*How to complete this task*: In the copy of the lines below, leave out pictures and print everything else exactly.

* * * *

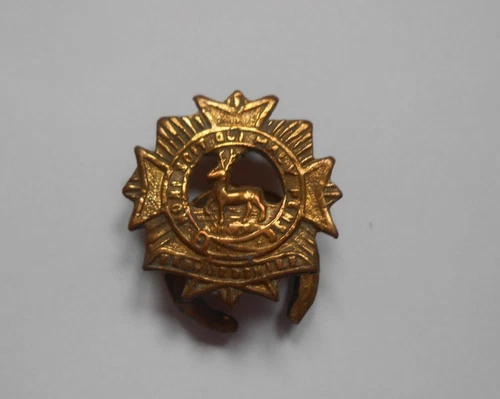 ww1 lapel badge of the BEDFORDSHIRE REGIMENT   ex serviceman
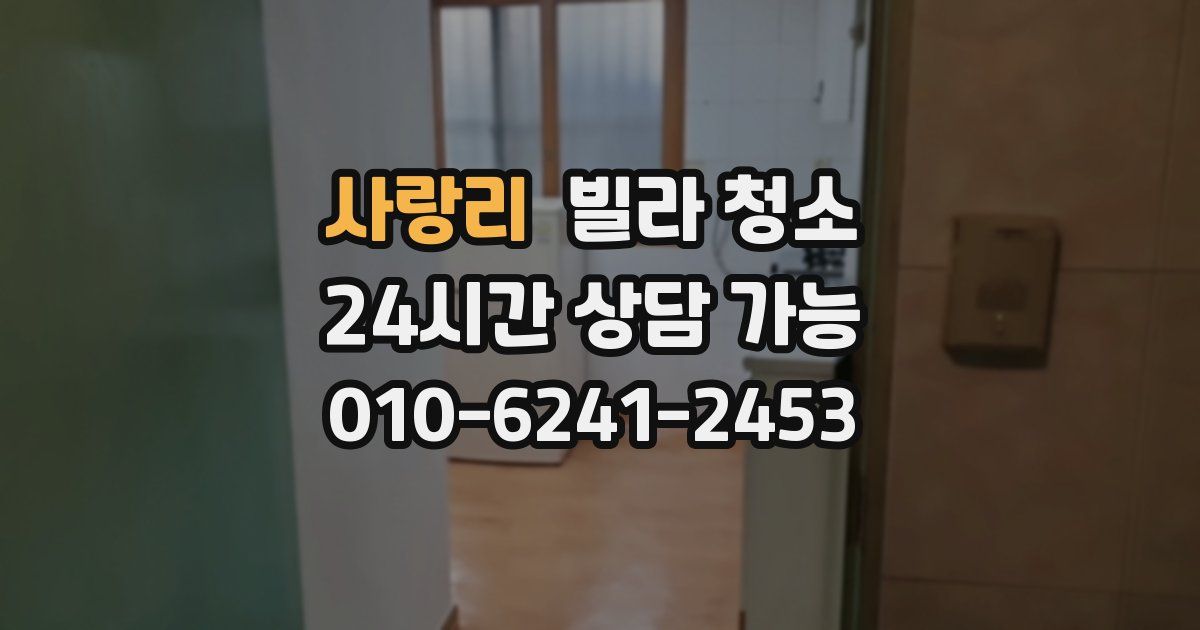 사랑리 빌라 청소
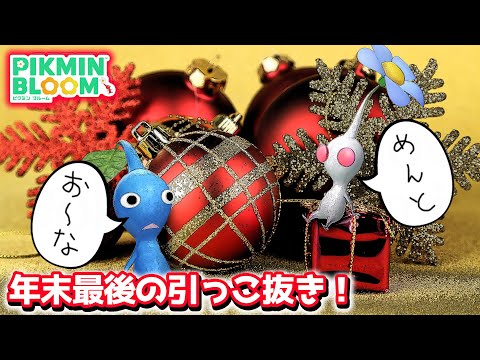 【ピクミンブルーム】オーナメント、年末最後の引っこ抜き！【Pikmin Bloom】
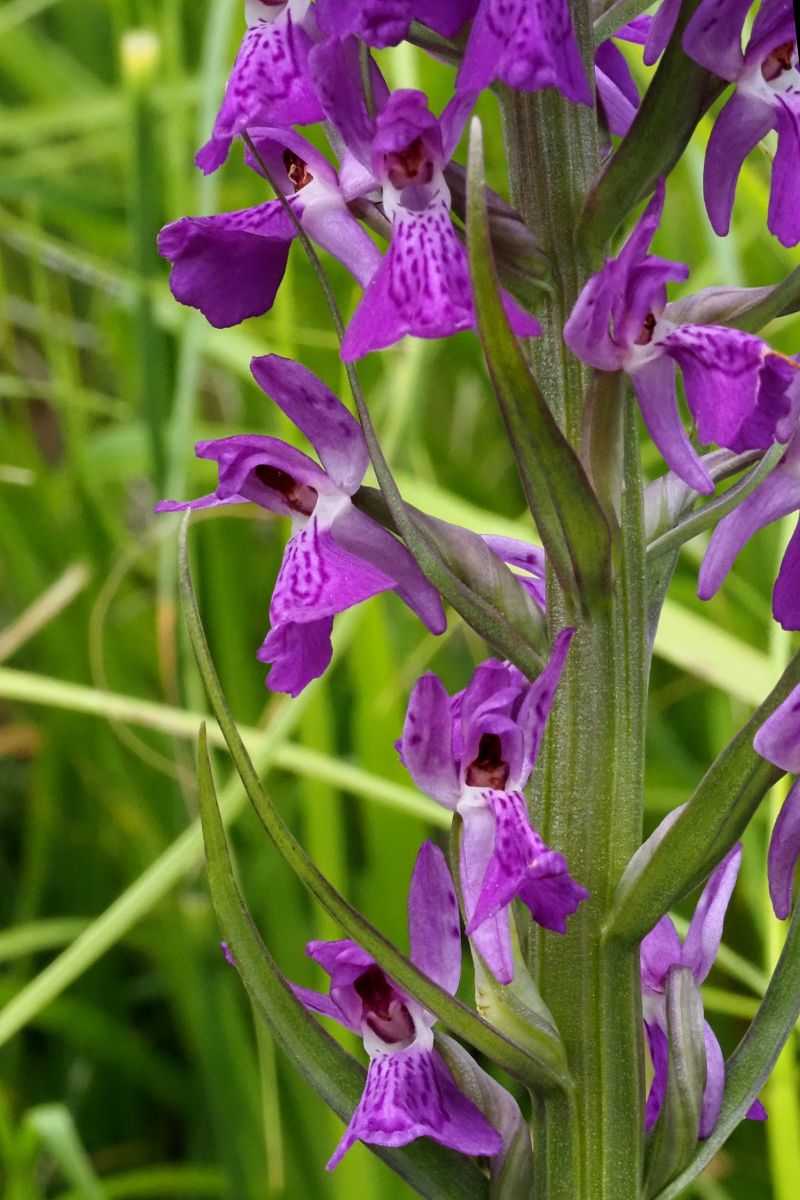 Dactylorhiza elata  - Jany Husson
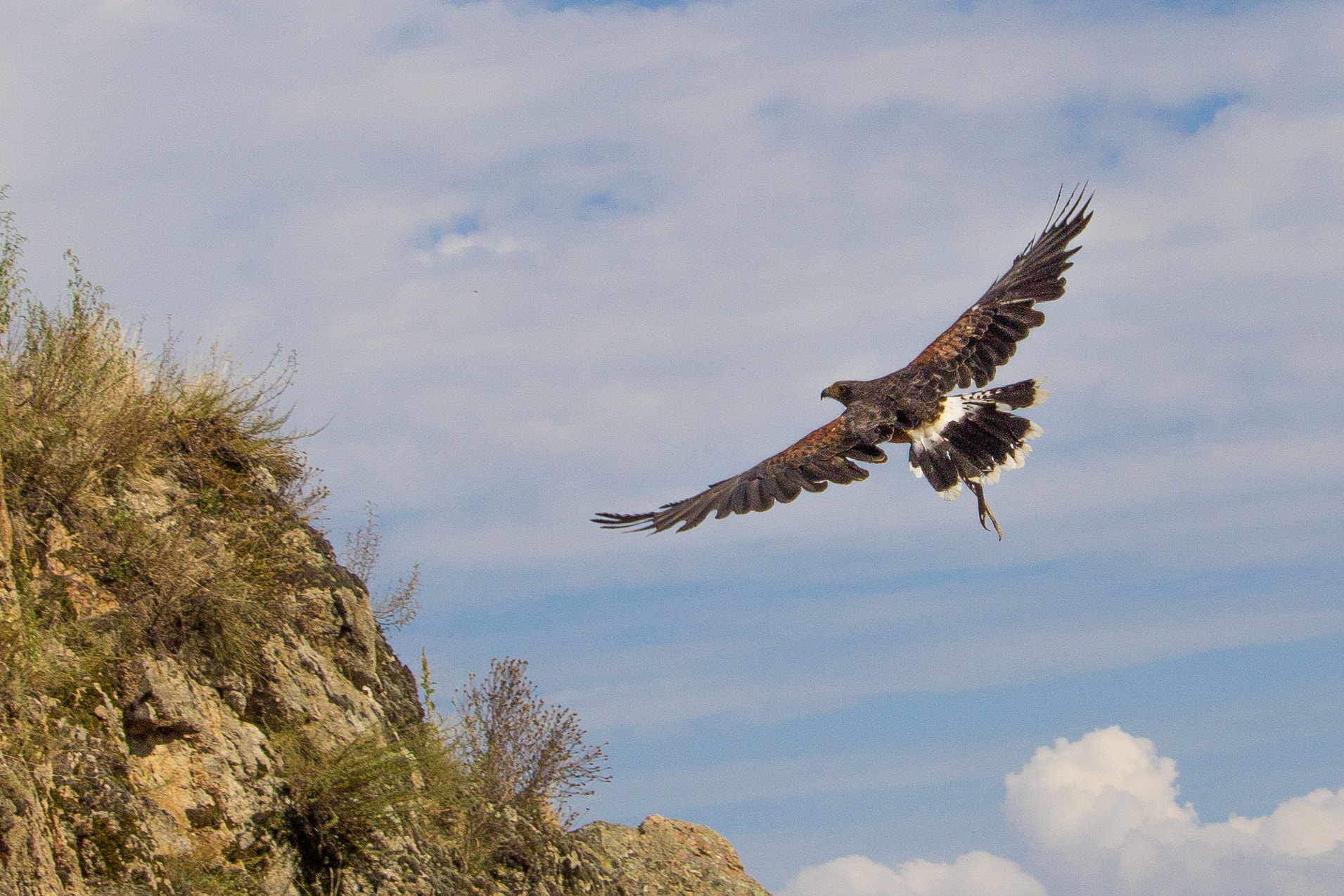 Canon EF-S 55-250mm F4-5.6 IS STM sample photo. Spectacle fauconnerie rochebaron photography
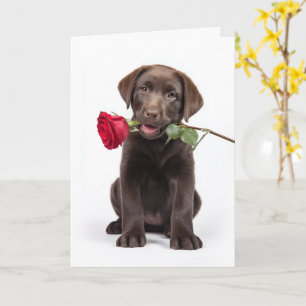 Carte Saint-Valentin Lab chocolat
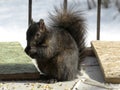 Black squirrel eating nut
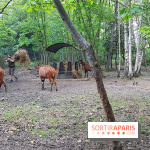 Zoo de Thoiry 2018 : les photos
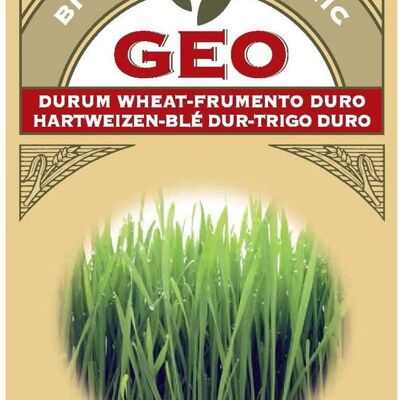 Organic durum wheat seeds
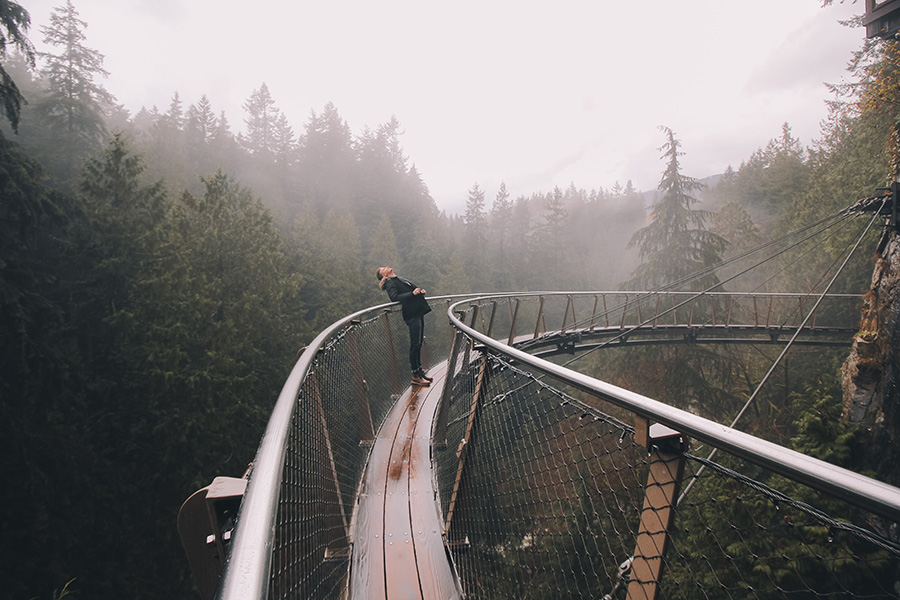 Person standing on Capilano Suspension Bridge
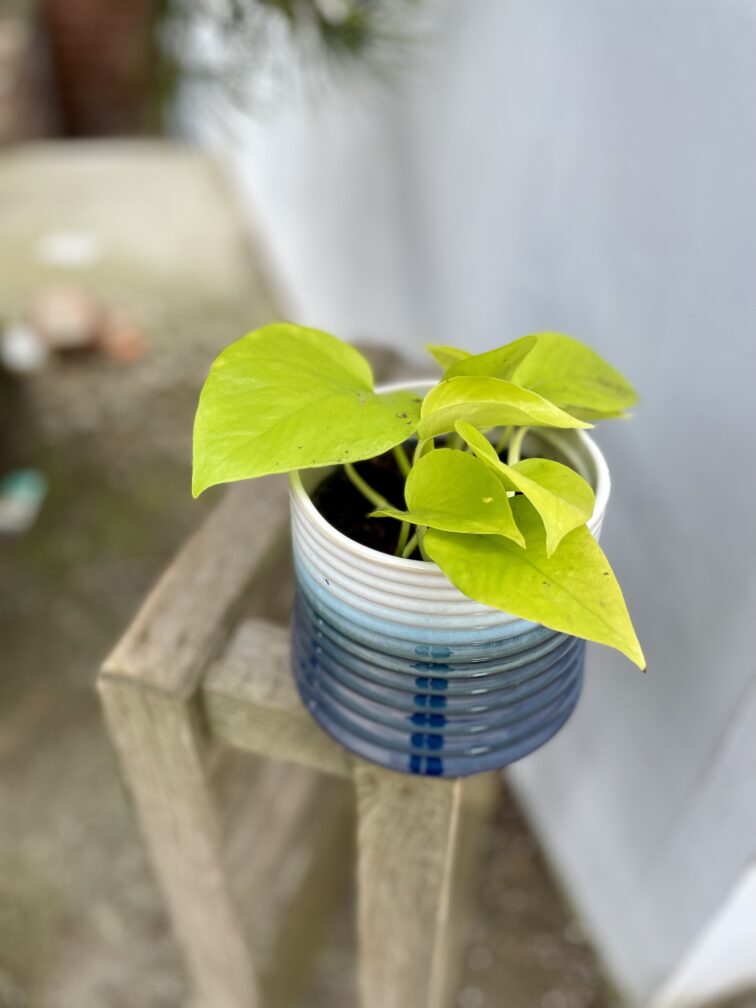 Zdjęcie rosliny doniczkowej Epipremnum Golden Pothos (Epipremnum Neon), ujęcie 2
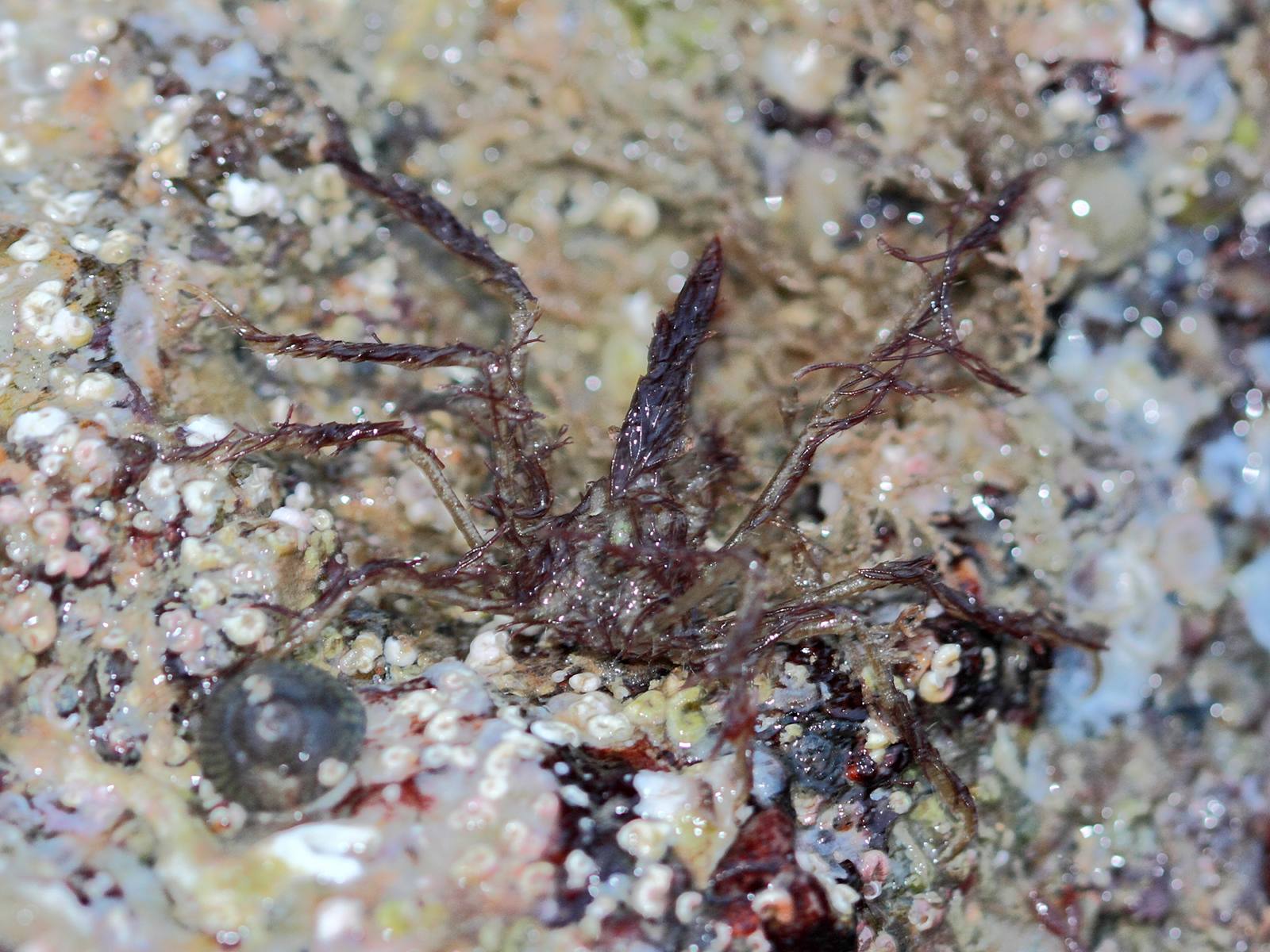 macropodia_rostrata3bd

* * * *

*Answer box*:
 ww1 lapel badge of the BEDFORDSHIRE REGIMENT   ex serviceman
 사랑리 빌라 청소
 【ピクミンブルーム】オーナメント、年末最後の引っこ抜き！【Pikmin Bloom】
 Dactylorhiza elata  - Jany Husson
 Canon EF-S 55-250mm F4-5.6 IS STM sample photo. Spectacle fauconnerie rochebaron photography
 Carte Saint-Valentin Lab chocolat
 Black squirrel eating nut
 Zoo de Thoiry 2018 : les photos
 Organic durum wheat seeds
 Person standing on Capilano Suspension Bridge
 Zdjęcie rosliny doniczkowej Epipremnum Golden Pothos (Epipremnum Neon), ujęcie 2
 macropodia_rostrata3bd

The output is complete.